The immigrant experience of my family of origin is far off history to me. It didn't affect my life at all as far as I could ever tell.  For my husband, first generation on one side and only one more on part of his other, it hit home a bit more in that he wasn't encouraged to talk about being "Arabic."  He lucked out in that he "doesn't look Arabic" and so doesn't have to field the "where do you come from" question.

My kids are mutts but immigrant blood on every side.

Of course I haven't been totally immune.  I am a woman, pan and from NY ;-)  Plus I'm a loud mouth and pretty bossy, so not everyone loves me on sight. The biggest threat to me has always been being a woman.  I've been cat called, approached by creeps, emotionally beat up, but nothing out of the realm of "normal" experience of being a woman in the world and I always felt that women outside the US had it much, much worse. And I had a great dad, and an independent mom, which helps A LOT.

But now I know that it's not the random troglodyte who has awful views of immigrants, women, non-whites, poor people, anyone unlike themselves. And I have to admit that the country I live in now and the people I live in it with are like that and ALWAYS HAVE BEEN.  I've just been protected from it and because I'm white, middle class, live in the northeast, educated, married with kids, etc., I have been able to choose to ignore it because my life didn't depend on it at all, ever.

When I exclaim "This is not who we are." It sounds a lot like reacting to talk of racism with the exclamation "But I'M not a racist!" So the hell what? Do I stand up to it? Do I listen to the experience of friends and others unlike myself and without my ability to live in a bubble of safety?

I think the answer for me and for a lot of us is no. We haven't. We haven't stood up and fought for what we want America to stand for, how we want it to walk its loud big talk. To really be the land of the free.

It isn't. It never has been. It has often aspired to be but it needs our help. It needs my help.  And if nothing else good comes out of the Trump era, I hope it is that I will never take a seat again and live in a pretend country, or the world of only what directly happens to me.

I find nothing more sickening than hearing "I haven't seen that" or "I didn't have any trouble with that" or "that doesn't apply to me."  Cause you know what?

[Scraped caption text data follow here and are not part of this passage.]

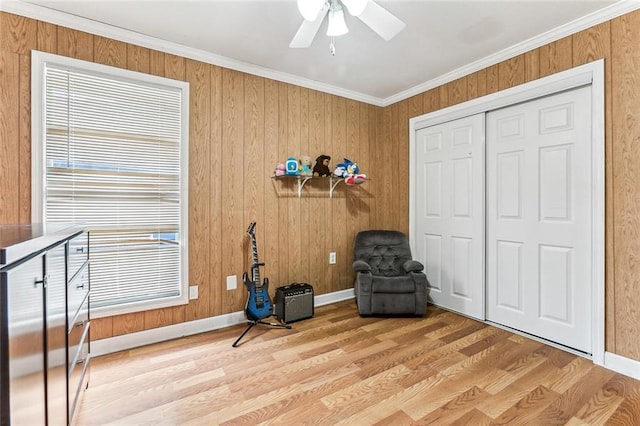 living area featuring ceiling fan, ornamental molding, and light wood finished floors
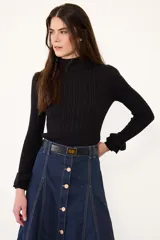 Polera de tejido de punto con diseño acanalado y ochos, cuello alto y mangas largas con terminación de volados en los puños.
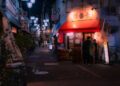 A local shopkeeper assists a customer inside a Tokyo shotengai investment property on a covered neighborhood shopping street.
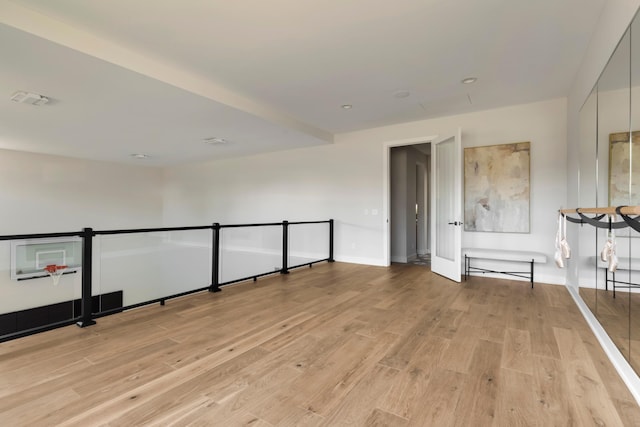 unfurnished room featuring light hardwood / wood-style flooring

Wait around, you're next buddy.

And yes--let me tell the truth--
I'm sick of hearing about Trump
I'm sick of reading the news
I'm sick of Congress
I'm sick of hearing about the latest hate crime

I want to do other things with my time.
I don't want to go to activism meetings and meet new people (BLEHHHHH).
I Hate calling my MoC
I don't like doing the work and still losing

Tough on me. It's time to pay the price for the cushy life I've had up til now. A lot less is being asked of me than the mother who has to fear for her child's life and safety every time they leave the house to grab a snack.

Enough lamenting, enough wishing this was not us.  Back to work.






Thursday, January 5, 2017

A bit of a rant-maybe not what you expect [Trump trigger]

Another article on Trump voters that adds nothing to the conversation. I'm sick of this crap. How about we take a good hard look at ourselves?

I have lost a "friend" during the campaign but you see quotes there because in the end it wasn't her vote that made me unfriend her, it was how vicious and uncaring she was when we tried to talk about our disagreements. And I realized that all along she'd had a mean streak, it had simply never been directed at me. Why was that ok with me?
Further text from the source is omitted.